*What you should do*
Excluding images, repeat the data exactly as given.

*Supplied material*
━━━━
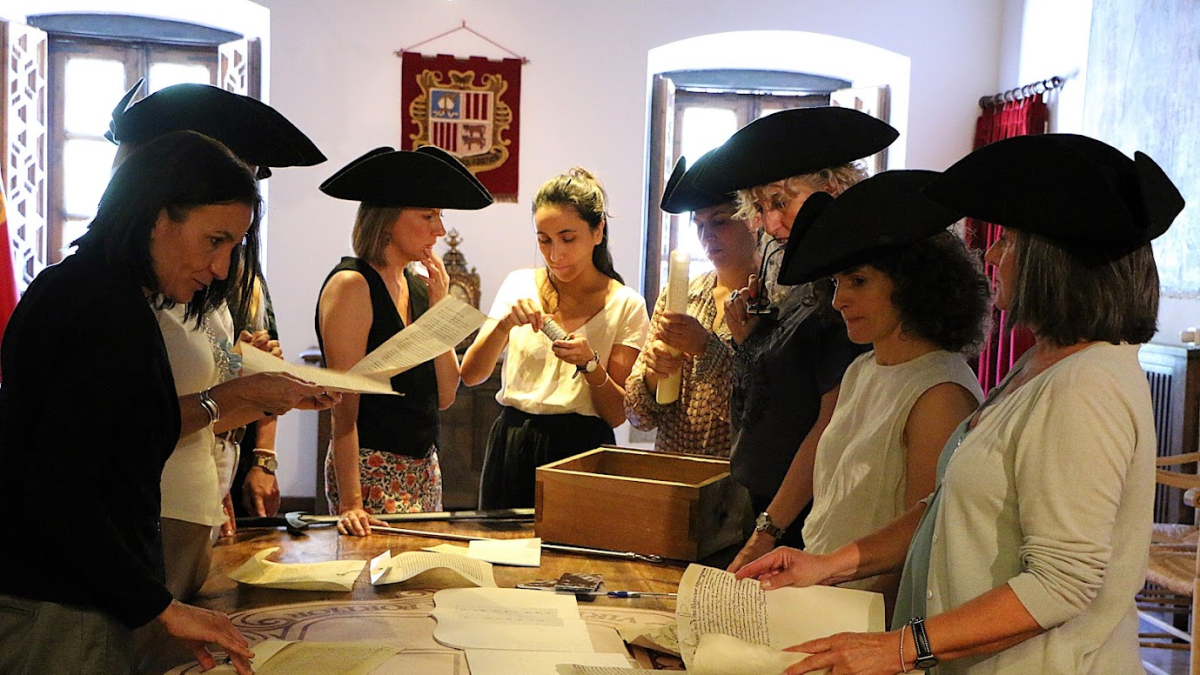 Joc d'escapada a Casa de la Vall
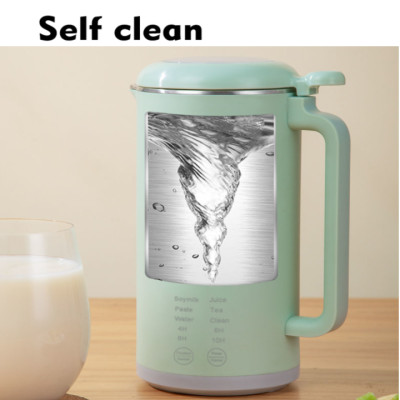 Máy làm sữa hạt mini thương hiệu Elecplus EP-S500A, công suất 500W, dung tích lên đến 600ml, 6 chức năng nấu vượt trội- Hàng chính hãng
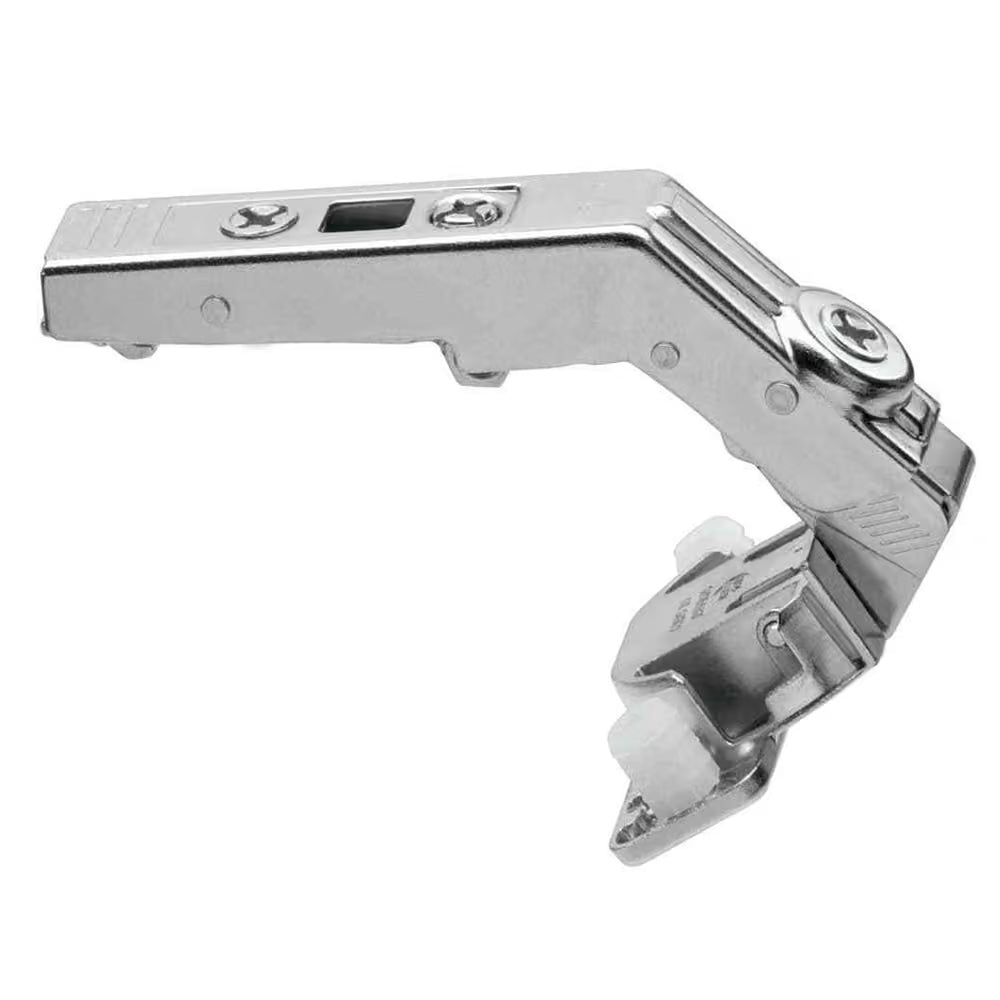 Clip Top Bi-Fold 60° SCREW-ON Opening Hinge, Self-Closing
━━━━
*Response area*
 Joc d'escapada a Casa de la Vall
 Máy làm sữa hạt mini thương hiệu Elecplus EP-S500A, công suất 500W, dung tích lên đến 600ml, 6 chức năng nấu vượt trội- Hàng chính hãng
 Clip Top Bi-Fold 60° SCREW-ON Opening Hinge, Self-Closing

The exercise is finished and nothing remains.